A parent in Candler Park wrote that he didn’t appreciate us glorifying a killer. He was right. We were wrong.


 By Stephanie Ramage

Back in April, we ran a photo on our front page of the shooter who killed 33 students and then himself at Virginia Tech. We were wrong to do that. Several of us objected to doing it, but in the end, the decision was made that by the time we hit the racks, his face was already everywhere. A parent in Candler Park later wrote to us and said his children saw that front page as they walked to school and he didn’t appreciate us glorifying a killer. He was right. We were wrong.

Many news outlets peppered the infosphere with the name and photo of the teenager who killed eight people at a mall in Omaha last week. They were wrong. Those same news outlets ran timelines that began with the mass murder of 13 students at Columbine High School in Colorado in 1999. They were wrong. Columbine didn’t start this sorry mess—a media intent upon feeding prurient curiosity about youthful murderers and victims did.

In 1966, the media had a field day with the mass killing of 14 students at the University of Texas by a gunman who picked them off from his perch in a tower. In 1989, major American magazines devoted multiple pages of photos to the fatal shooting of 13 students at L’Ecole Polytechnic in Montreal.

Guns aren’t new. There was a time when almost every household in America owned a gun, but such shooting sprees were unheard of. Was it the possibility of being shot to death back then that acted as a deterrent for the kind of disturbed souls who turn our schools and malls into shooting galleries today? I don’t believe so. The incidence of such shootings has increased as the reach of the media—mostly thanks to the Internet—has increased.

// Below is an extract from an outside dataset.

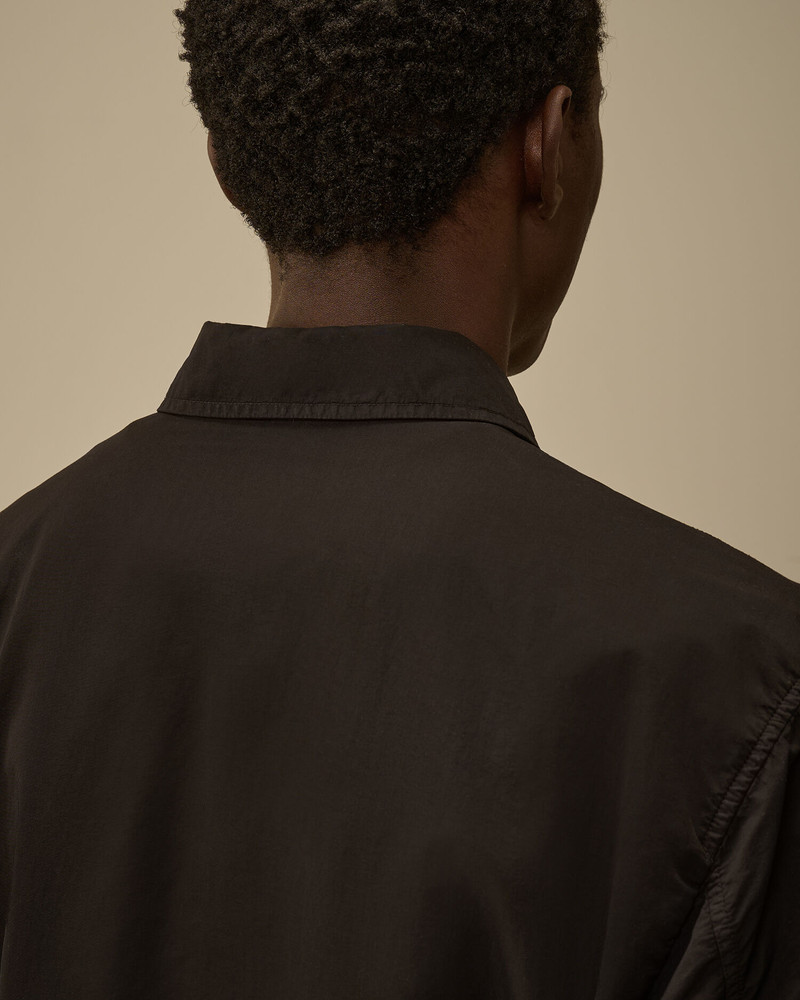 Flatt Nylon Lens Zipped Overshirt 6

The reason so many school shooting timelines started with Columbine is because when a murderer kills himself, he leaves us looking for some big, faceless, hopefully short-term “trend” to blame. But violence has always existed. The media, however, has not. The blame is with us—the media, professional and “citizen.” We are the infamy merchants and it is time we stopped trading on the murderous lust for fame that our coverage of such events feeds. And the biggest culprit of all is the unregulated Internet. To those who would respond to me by saying that Web sites that unite the fans of school shooters are expressions of “free speech,” I say this: Freedoms are defined by the responsibilities that prevent them from being used to harm others. To call using the Internet to encourage murder “free speech” is like calling rape an expression of “freedom of assembly.” SP

Stephanie Ramage is news editor of The Sunday Paper.